DATA BLOCK: Begin
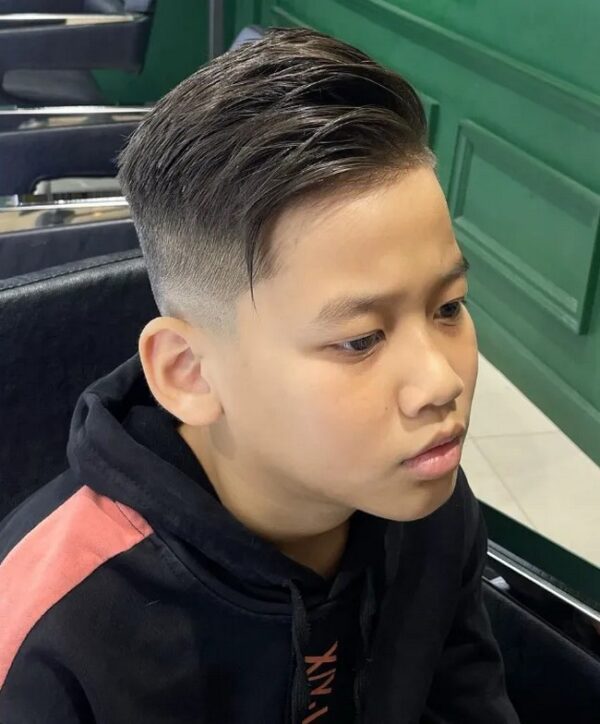 Haircut For Boys, Gradient Long Top Shaved Sides Side Parting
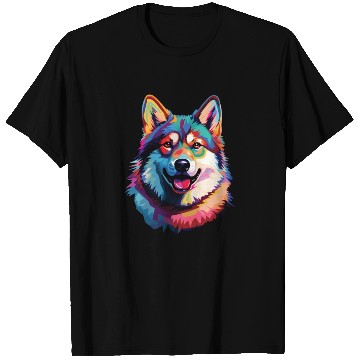 Discover Watercolor Colorful Akita T Shirts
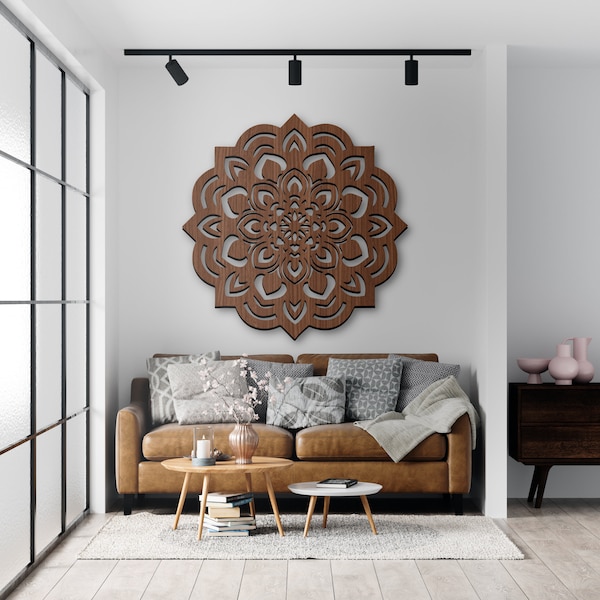 Lotus Flower Mandala Wood Wall Art Decor Wooden Nursery Bedroom Wood Wall Sign Panel Picture Living Room gift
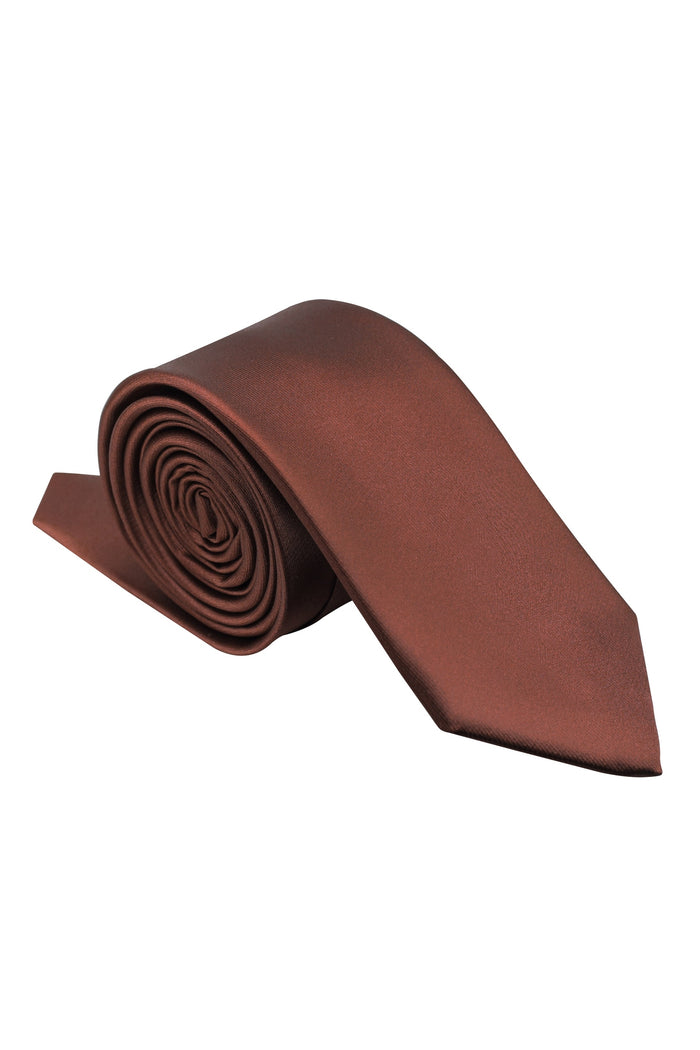 XPOSED - BROWN PREMIUM SATIN NECK TIE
DATA BLOCK: End
PROBLEM DESCRIPTION =>
Give back the material above exactly, without pictures.

YOUR RESPONSE =>
 Haircut For Boys, Gradient Long Top Shaved Sides Side Parting
 Discover Watercolor Colorful Akita T Shirts
 Lotus Flower Mandala Wood Wall Art Decor Wooden Nursery Bedroom Wood Wall Sign Panel Picture Living Room gift
 XPOSED - BROWN PREMIUM SATIN NECK TIE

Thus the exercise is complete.